Citation: https://doi.org/10.5194/nhess-2024-208-RC1 -
AC1: 'Reply on RC1', Hugo Marchal, 11 Apr 2025
1. Section 4.1, L206-207. “at least one member of Z21 is predicting the exceedance”.
Does this just apply to results in this section (figs 3-6)? Then in 4.2 (regression) you use all cases including where no members of Z21 predict exceedance of a given threshold?Exactly.
In Section 4.1, from the entire study period defined in 2.3, only the times when Z21 predicts a non-zero probability of exceedance are retained. Then, from this sample, two sub-samples are being compared in figures 3, 4, 5, 6: the one where risk_persistence = 0 (red color), and the one where risk_persistence = 3 (blue color). However, there is an exception, the two green lines in figure 4, which refer to the entire study period, regardless of the value of risk persistence or the value of the probability predicted by Z21. This has been made more explicit in the manuscript (lines 206-207, 219-220, 222-223, 225-226) and in the legends and captions of the corresponding figures (3, 4, 5, 6).
On the contrary, in Sections 4.2 and 4.3, the entire study period is used, which has been made more explicit in line 266.
2. L65-66. “scale mismatch”. What is the spatial scale of the ANTILOPE observations (are these gridded?)? How different is this from the AROME-EPS grid scale? NB. the “upscaling” used here will not address any scale mismatch – you are still comparing a model grid box value against an observed (gridded or point) value when you take the maximum over a neighbourhood so any difference due to different scales in model and observations will still apply. But I agree this is a good neighbourhood procedure to address the double penalty issue.Your question about ANTILOPE is perfectly relevant and I apologise for not including this information in the article. In this study, ANTILOPE provides observations on a regular 0.025 x 0.025 degree latitude-longitude grid (so same resolution as AROME-EPS), but over a sub-domain of AROME-EPS. This information has been added line 121.

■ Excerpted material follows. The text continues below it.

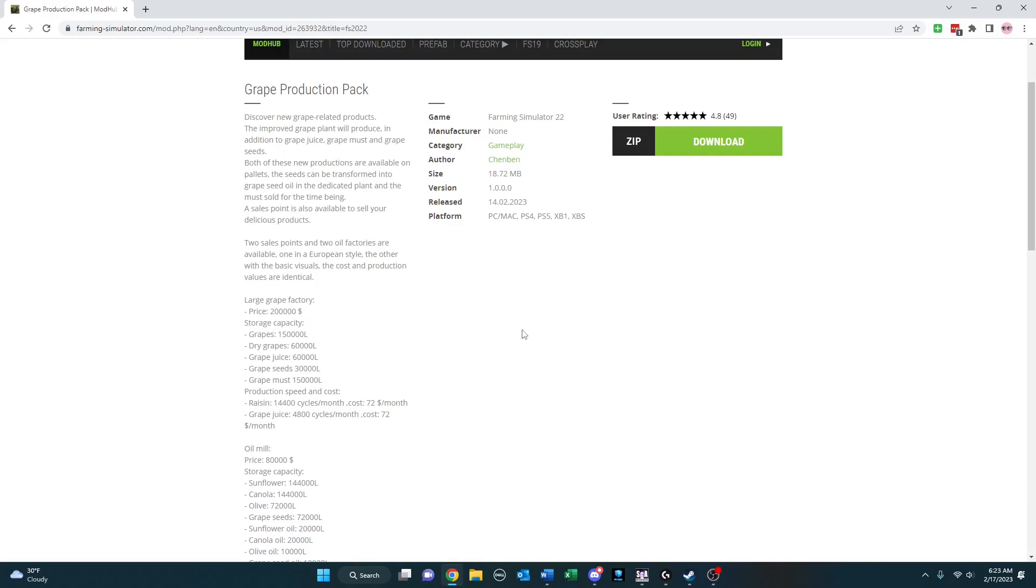Grape Production Pack adds some additional capabilities into what you can do with grapes. What this pack provides you is two replacement production facilities for the grape processing unit and the oil mill, and then the sell point to deal with the couple extra products that are available. So in addition to grape juice, and obviously raisins, you're going to be able to produce grape must.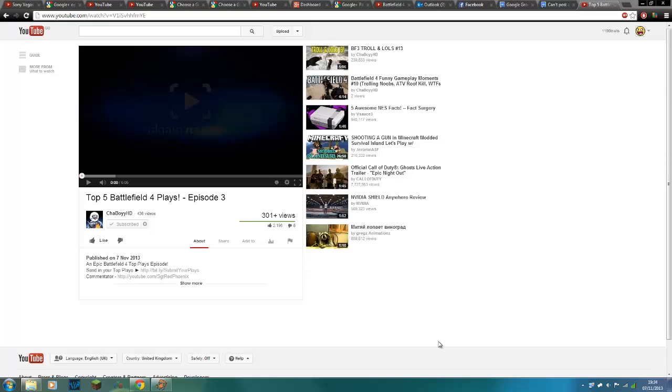YouTube's messed up really badly. The thing is now you can't comment on videos if you haven't linked your YouTube account to your Google Plus account.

Since ANTILOPE and AROME-EPS have the same horizontal resolution, and since their grid points are located on the same latitude/longitude "canvas", there is no longer scale mismatch between them. However, it still exists in the 0-km experiment, when AROME-EPS gridded forecasts are compared to RADOME point observations. The "representativeness error" part has therefore been removed from Section 3.5, and added in Section 4.3, lines 313-315. Thanks for the correction.
3. “overestimation” should be “underestimation”I guess that this point concerns line 267. If that is correct, you are right, I've reversed the terms. Since I've written these words so many times, it had to happen at least once! Correction done in the manuscript.
4. Fig 7. It is interesting that the regression with just the raw probabilities significantly degrades the performance. Any idea why that is?I was surprised too. My wild guess is that, because zero or (very) low probabilities are predicted most of the time (cf frequency histograms), the regression coefficient corresponding to the raw probability may be optimal for the first probability bin, but less so for the others.
This is also the case in the regression in which the risk persistence variable is added, but this additional information might have an offsetting effect.5. L340-341. “any non-zero probability is already a strong signal in itself”. Fig 8 (red curve for risk persistence =0) seems to contradict this (also figs 4,5), suggesting need to be cautious if non-zero probability in just latest run?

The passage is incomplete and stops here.